Plants and animals of the mountain world:
1 Prairie falcon 2 Pika 3 Yellow-bellied marmot 4 Cushion buckwheat 5 Whitebark pine 6 Subalpine fir krummholz 7 Dwarf willow 8 Pixie-cup lichen 9 Black rosy finch 10 Alpine forget-me-not 11 Moss campion 12 Haircap moss
Wary bighorn sheep are the largest mammals of the high mountain realms. The male’s horns, curved back, down, and around, may cap a 135-kilogram (300-pound) body. Sheep wear thick, tannish-gray hair. Their specialized footpads enable them to scale rock that might stymie a roped alpinist. Rams and ewes hold to separate bands except during the mating period. Generations of sheep will occupy the same range. The Teton population, numbering between 100 and 125 animals, is wary because the sheep are hunted in fall on adjacent national forest lands. Hikers and climbers occasionally see them on the range’s east side, but you will not see bighorn sheep from your car except sometimes in the winter when they may move down into Jackson Hole.
Autumn aspens lend what prospectors never found in this valley—large touches of gold.
The Valley
With the Louisiana Purchase treaty signed, President Thomas Jefferson wanted to know what he had bought, so he sent the Lewis and Clark Expedition overland to the Pacific in 1803 to find out. On the return trip John Colter left the expedition along the Yellowstone River to stay in the West and join a trapping venture. He is considered the first white person to discover what is now Jackson Hole. Colter supposedly wandered through this high, mountain-encircled valley—trappers called such valleys holes—in the winter of 1807-1808. Colter was soon followed by other trappers, and 40 years later the trappers were followed by homesteaders. Several homesteaders became dude ranchers, and their dudes were followed by vacationers, who now number nearly three million each year.
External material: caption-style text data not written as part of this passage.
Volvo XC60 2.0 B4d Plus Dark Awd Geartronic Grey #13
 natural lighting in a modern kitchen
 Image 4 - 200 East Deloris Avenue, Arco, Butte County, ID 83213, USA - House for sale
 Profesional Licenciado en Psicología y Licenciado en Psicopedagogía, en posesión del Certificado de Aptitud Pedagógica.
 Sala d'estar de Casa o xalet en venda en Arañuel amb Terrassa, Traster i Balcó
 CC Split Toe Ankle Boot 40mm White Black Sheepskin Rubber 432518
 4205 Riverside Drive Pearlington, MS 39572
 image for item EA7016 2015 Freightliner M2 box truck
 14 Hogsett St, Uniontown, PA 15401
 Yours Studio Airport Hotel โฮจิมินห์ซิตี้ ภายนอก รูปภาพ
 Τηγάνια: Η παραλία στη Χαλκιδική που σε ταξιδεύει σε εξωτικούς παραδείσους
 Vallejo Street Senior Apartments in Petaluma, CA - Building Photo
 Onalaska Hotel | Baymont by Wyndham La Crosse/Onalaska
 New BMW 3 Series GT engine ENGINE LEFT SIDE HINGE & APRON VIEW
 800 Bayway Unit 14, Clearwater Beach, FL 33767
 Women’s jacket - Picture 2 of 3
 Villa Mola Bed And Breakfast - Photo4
The flatness of Jackson Hole comes as a surprise, considering that the Teton Range was formed by a fault-block process. You would expect a deep valley, but it has been filled repeatedly by rock debris transported by glaciers and their meltwaters. The Snake River does little cutting into the valley floor today. The flat areas above the river, called benches, were carved out when the river had the torrential force of glacial meltwater. The river’s north-south flow shows that the valley slopes southward. The valley also tilts westward, toward the fault that gave rise to the Teton Range. For reasons not fully known, the valley has sunk more than the mountains have risen. We know this because a sedimentary cap of rock atop Mount Moran—nearly 6,000 feet above the valley floor—was once connected to the same rock layer that now lies an estimated 24,000 feet below the valley surface.